• _Task objective_:
The data must be given again exactly as written, with all images omitted.

Short text fragments from websites:
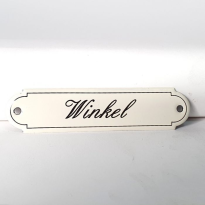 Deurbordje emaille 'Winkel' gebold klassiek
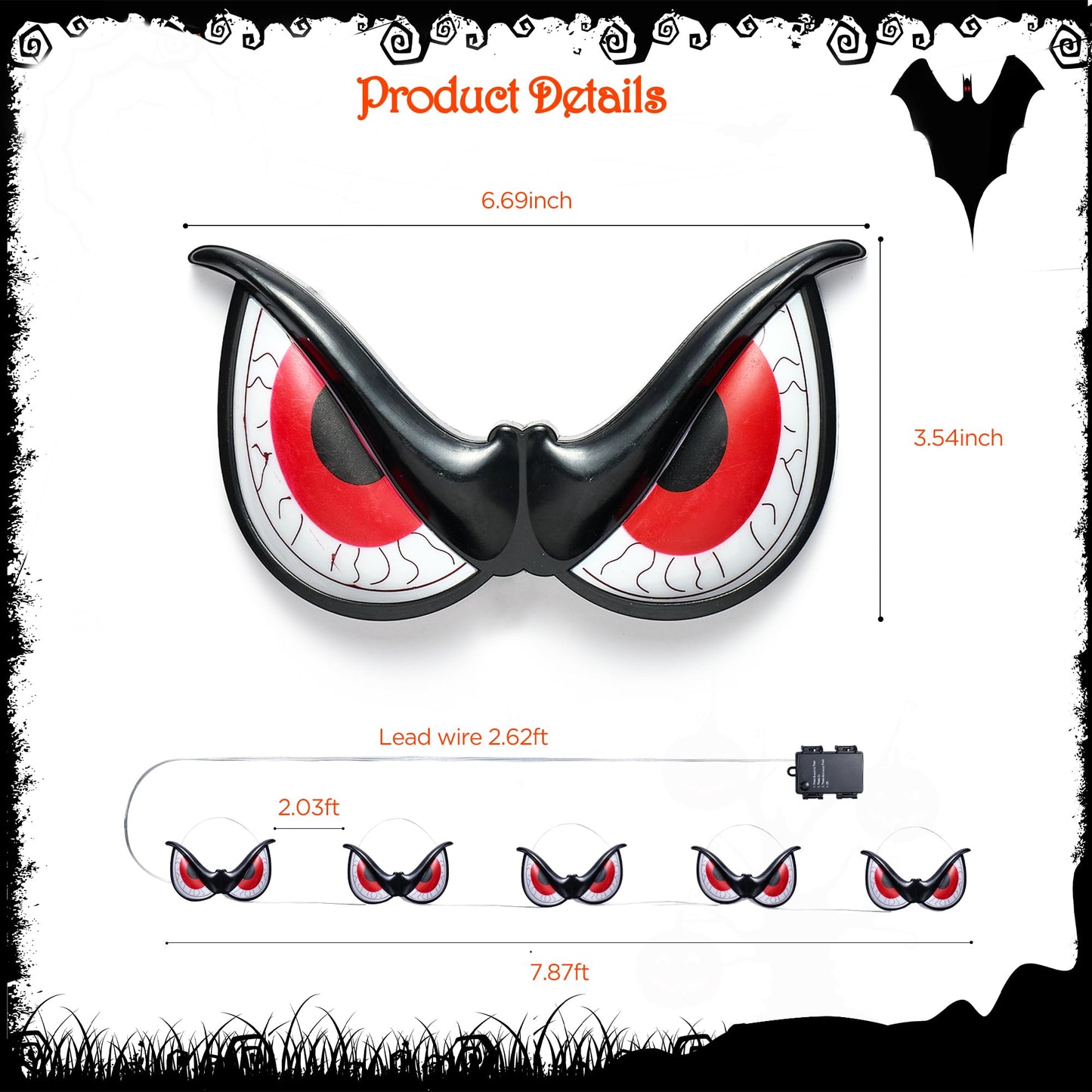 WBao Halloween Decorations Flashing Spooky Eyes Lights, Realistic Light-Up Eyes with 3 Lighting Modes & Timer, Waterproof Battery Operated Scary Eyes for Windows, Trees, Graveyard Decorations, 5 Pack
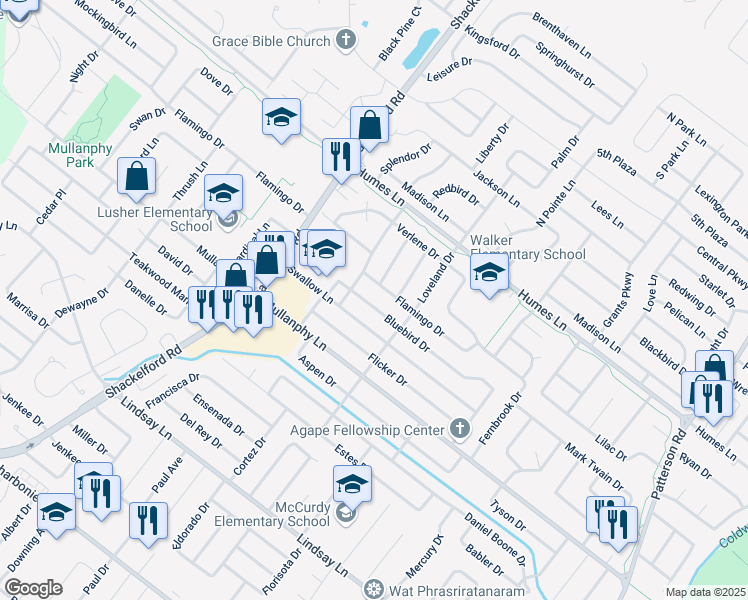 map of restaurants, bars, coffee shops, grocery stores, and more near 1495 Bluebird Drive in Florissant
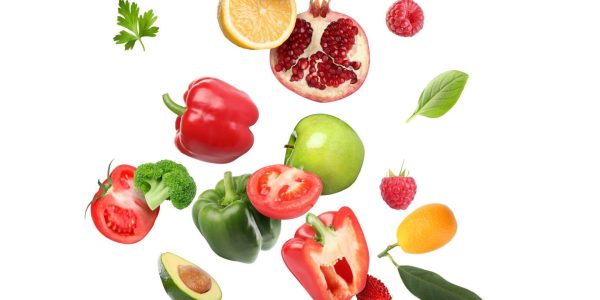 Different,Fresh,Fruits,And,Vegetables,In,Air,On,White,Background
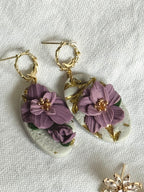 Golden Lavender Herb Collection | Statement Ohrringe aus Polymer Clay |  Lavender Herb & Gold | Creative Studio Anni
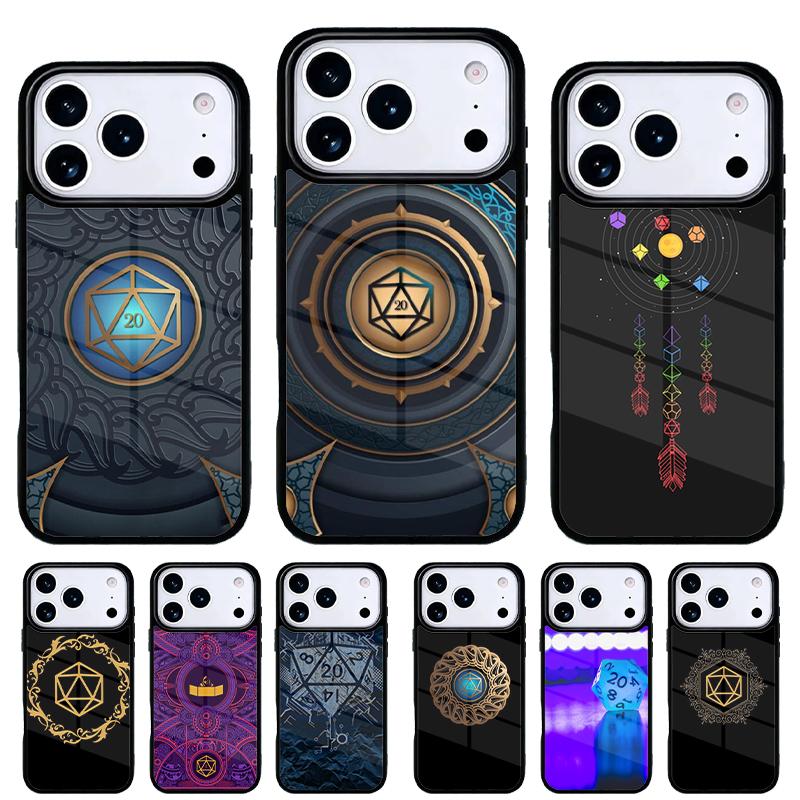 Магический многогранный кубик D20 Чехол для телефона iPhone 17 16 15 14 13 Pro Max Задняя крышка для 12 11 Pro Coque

• _Answer section_:
 Deurbordje emaille 'Winkel' gebold klassiek
 WBao Halloween Decorations Flashing Spooky Eyes Lights, Realistic Light-Up Eyes with 3 Lighting Modes & Timer, Waterproof Battery Operated Scary Eyes for Windows, Trees, Graveyard Decorations, 5 Pack
 map of restaurants, bars, coffee shops, grocery stores, and more near 1495 Bluebird Drive in Florissant
 Different,Fresh,Fruits,And,Vegetables,In,Air,On,White,Background
 Golden Lavender Herb Collection | Statement Ohrringe aus Polymer Clay |  Lavender Herb & Gold | Creative Studio Anni
 Магический многогранный кубик D20 Чехол для телефона iPhone 17 16 15 14 13 Pro Max Задняя крышка для 12 11 Pro Coque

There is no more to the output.